### DATA SECTION
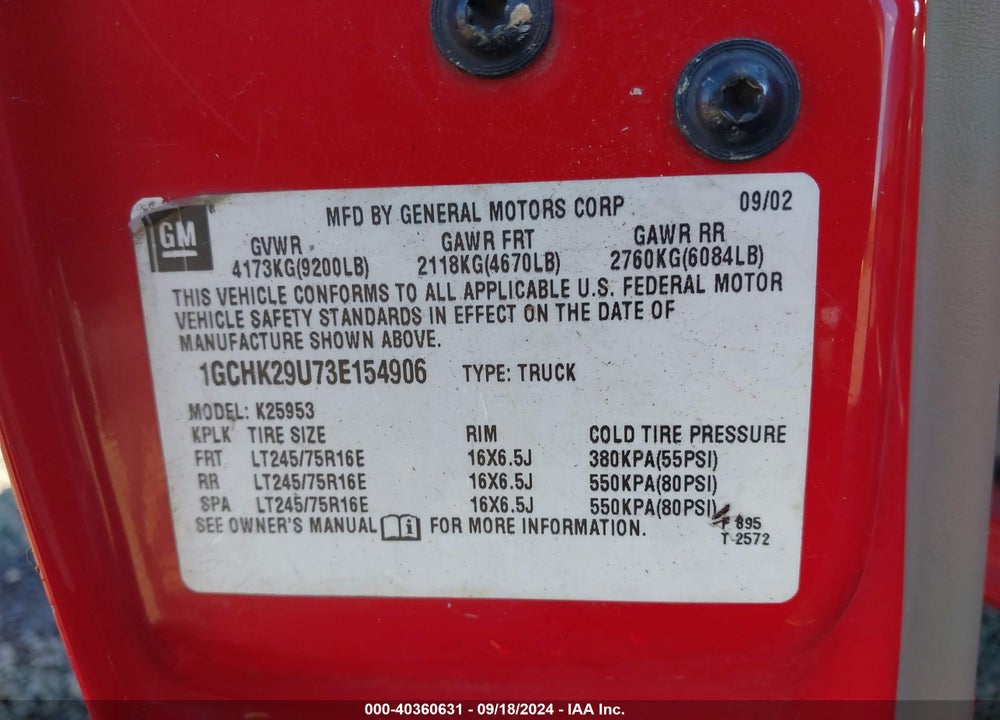 2003 CHEVROLET SILVERADO 2500HD LS VIN: 1GCHK29U73E154906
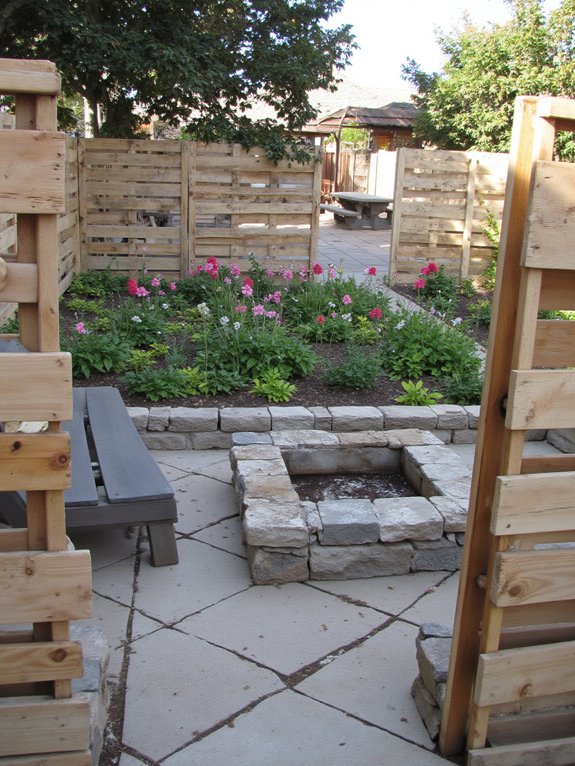 pallet fences define outdoor zones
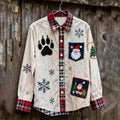 Comstylish Men's Christmas Santa Claus Pattern Long Sleeve Shirt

### PROBLEM TO SOLVE
Where the data includes pictures, leave them out and write out everything else exactly.

### TASK RESPONSE
 2003 CHEVROLET SILVERADO 2500HD LS VIN: 1GCHK29U73E154906
 pallet fences define outdoor zones
 Comstylish Men's Christmas Santa Claus Pattern Long Sleeve Shirt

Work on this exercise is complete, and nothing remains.